Can one distinguish grace from punishment?
I suppose it’s a lot like feeling the power of a large wave. If you swim with it, if you’re carried along by it, you are aware of its power only in a small way. It’s only felt when you resist; its full force, its threat, its life-taking power only bears down upon the one who is determined to remain unmoved.
Timothy Keller has written that “To be loved but not known is comforting but superficial. To be known and not loved is our greatest fear. But to be fully known and truly loved is, well, a lot like being loved by God. It is what we need more than anything. It liberates us from pretense, humbles us out of our self-righteousness, and fortifies us for any difficulty life can throw at us.” To have someone know the worst and be loyal all the same—this is what grace is. It stares baldly into the fathomless depths, and it doesn’t baulk at what it sees; “illusionless compassion” is one way of looking at it.

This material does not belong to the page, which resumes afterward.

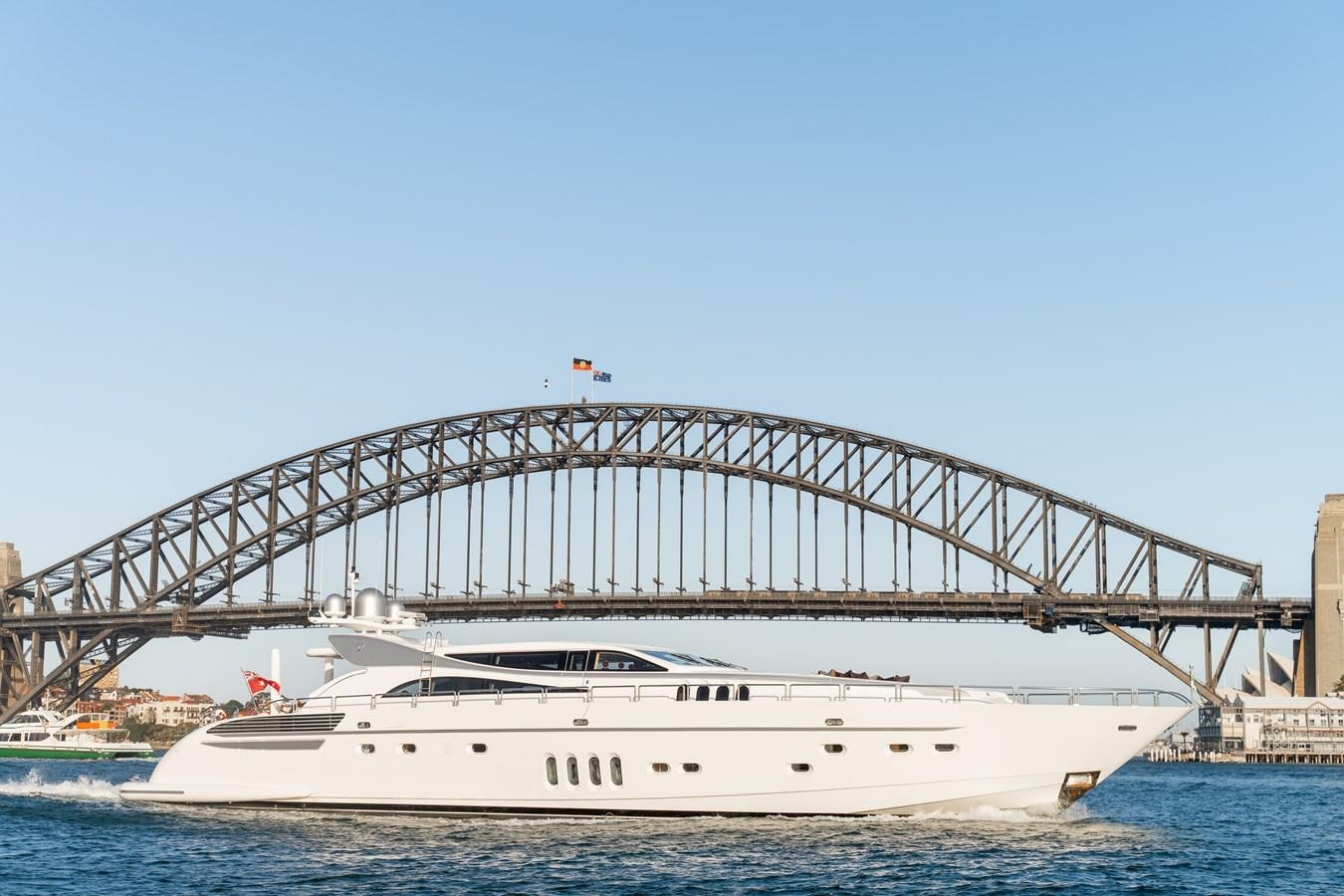 a large white boat in the water with Sydney Harbour Bridge in the background aboard YOLO Yacht for Sale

It is unbearable. Most of us come from cultures that have privatised vulnerability: it is revealed only to the select few. If it escapes us accidentally, if we show weakness where we wanted to be perceived strong, we feel insecure and exposed. Robinson uses the imagery of an unbearable light, exposing, “light indeed, rid of the dilutions that sometimes made them into warmth and illumination, those blandishments.” Something similar happens when you read Psalm 139 as if you were a fugitive evading capture: all that light imagery suddenly becomes terrifying, and the promises that you will be seen, you will be revealed wherever you are, whatever you are, make the light fearsome and terrible.

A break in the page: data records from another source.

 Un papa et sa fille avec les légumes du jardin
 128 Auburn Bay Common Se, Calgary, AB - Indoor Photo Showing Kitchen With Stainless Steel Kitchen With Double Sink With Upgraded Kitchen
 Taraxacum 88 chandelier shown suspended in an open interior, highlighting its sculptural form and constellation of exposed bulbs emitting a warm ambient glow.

In the same way, amazing as it is, grace can also be terrible. That devastating awareness of how far grace had to descend in order to find you. It is knowledge you can’t un-know once you do. It is heavy and huge. The thing that Jack eventually comes to verbalise is the question of whether you could enjoy a moment of grace and refuse it at the same time.
I have sat with these ideas a long time, and as I have prayed over them, I am reminded of how pervasive grace is as well. Pervasive is not really a hymn-like word, but it describes the kind of complexity I have been pondering. God pursues relentlessly, and his grace manifests and envelops in ways we cannot even understand. His grace is both terrible and great, but also small and moment-sized.
Jack is a book all about grace. The grace of moments—small mercies, as some would say. And the grace of eternity, bearing down like Francis Thompson’s hound of heaven upon a fleeing man.
To conclude all these barely-tethered ponderings, what is grace? The meeting of guilt, perhaps, with the knowledge of good—and all the weight of glory that brings.